Among its graduates is the entire creative team behind Eastbound & Down, a show that, in Scott Jacobson’s words, is “North Carolina to the core.” Jody Hill would be pleased at the description, I think; he told me that when he and his fellow creators looked to the movies and television, “We really didn’t see the South we knew represented.” Kenny Powers, the central character of Eastbound & Down, is a modern-day Jack, of the Appalachian Jack Tales—which people have been retelling in North Carolina for centuries. Jack is a weak and shiftless character but clever and quick-witted. In the end he’s often taught an instructive lesson, though it doesn’t necessarily stick. This is part of the mystique of Kenny Powers. And like Griffith, Danny McBride knows not to play his character for laughs. He plays him with utter sincerity, and the laughs follow.

McBride, Hill, and David Gordon Green have formed a production company, Rough House, which now has multiple development deals in place. That kind of collaboration is common among the North Carolina comedy crew. When Zach Galifianakis moved to New York, he roomed with A.D. Miles, a friend from N.C. State, currently the head writer of Late Night With Jimmy Fallon; and a childhood friend Bobby Tisdale—now also on Late Night’s staff.
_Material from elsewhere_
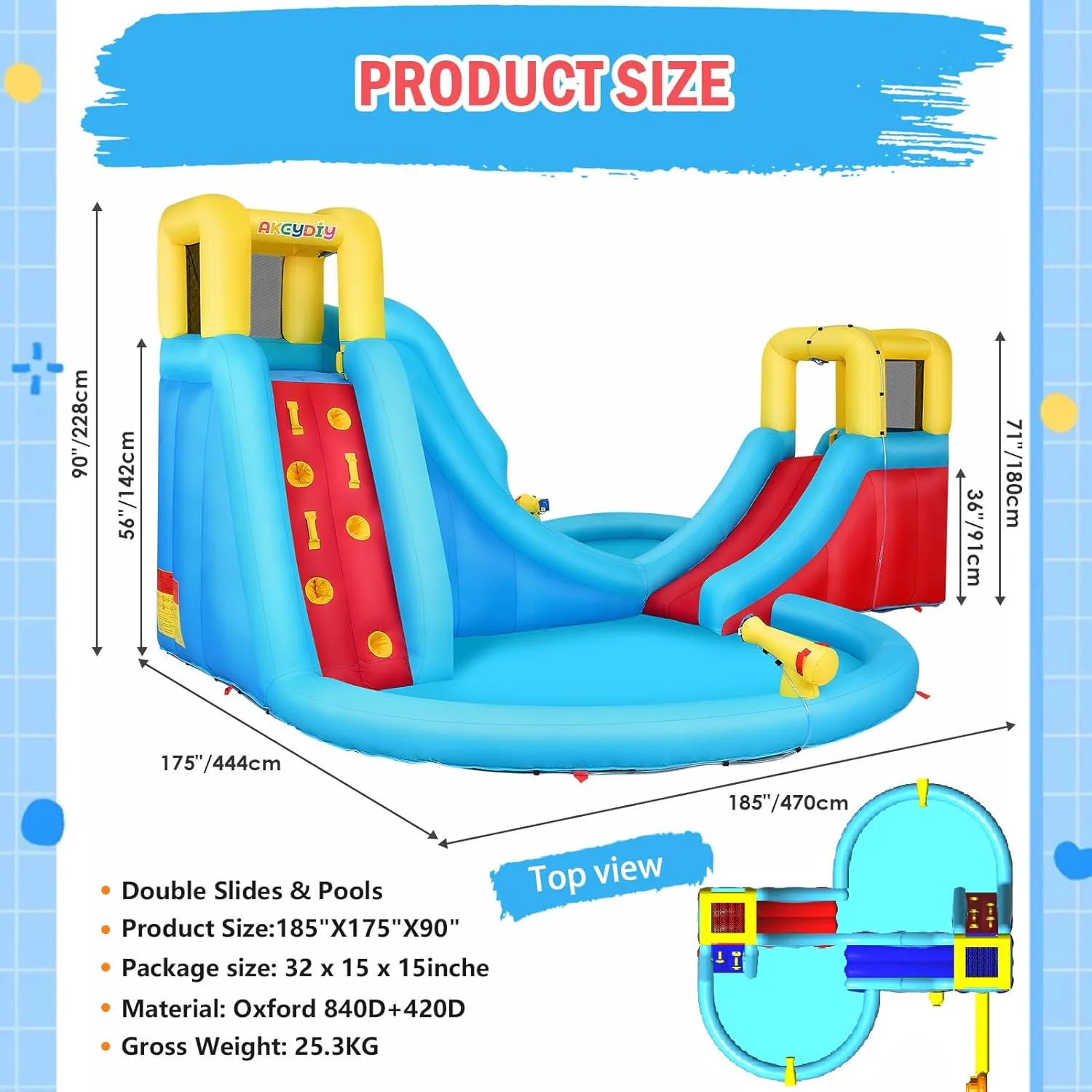 Inflatable Water Slide, 6 in 1 Outdoor Inflatable Water Park with Climbing, Basketball Rim, Splash Pool, Water Cannon, Blow up Water Slides for Kids Backyard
Brian Huskey, an Upright Citizens Brigade alum whom I got to know at UNC-Greensboro in the early ’90s—a public education is a common thread among N.C. comics—told me that “those guys, from the moment I met them, they were very inclusive, there was no competition, which I think is a North Carolina thing.”

So far, Galifianakis is the superstar of North Carolina’s comedy renaissance. Which feels fitting, given how well the comedian clearly understands his place of origin. Marty Huggins, his character in The Campaign, captures North Carolina’s duality perfectly—an asexual, passive-aggressive eccentric who is somehow woven into macho NASCAR culture. Huggins is a new iteration of an earlier Galifianakis character, his fictional twin brother, Seth, whom Galifianakis has been developing since he was student at his North Carolina high school. Seth is an effeminate youth minister with an unexpectedly sinister side. Huggins, too, can be vicious, and farcically goofy, but Galifianakis plays him straight. His manner and speech are not caricatured. I know that guy. We grew up together, in North Carolina.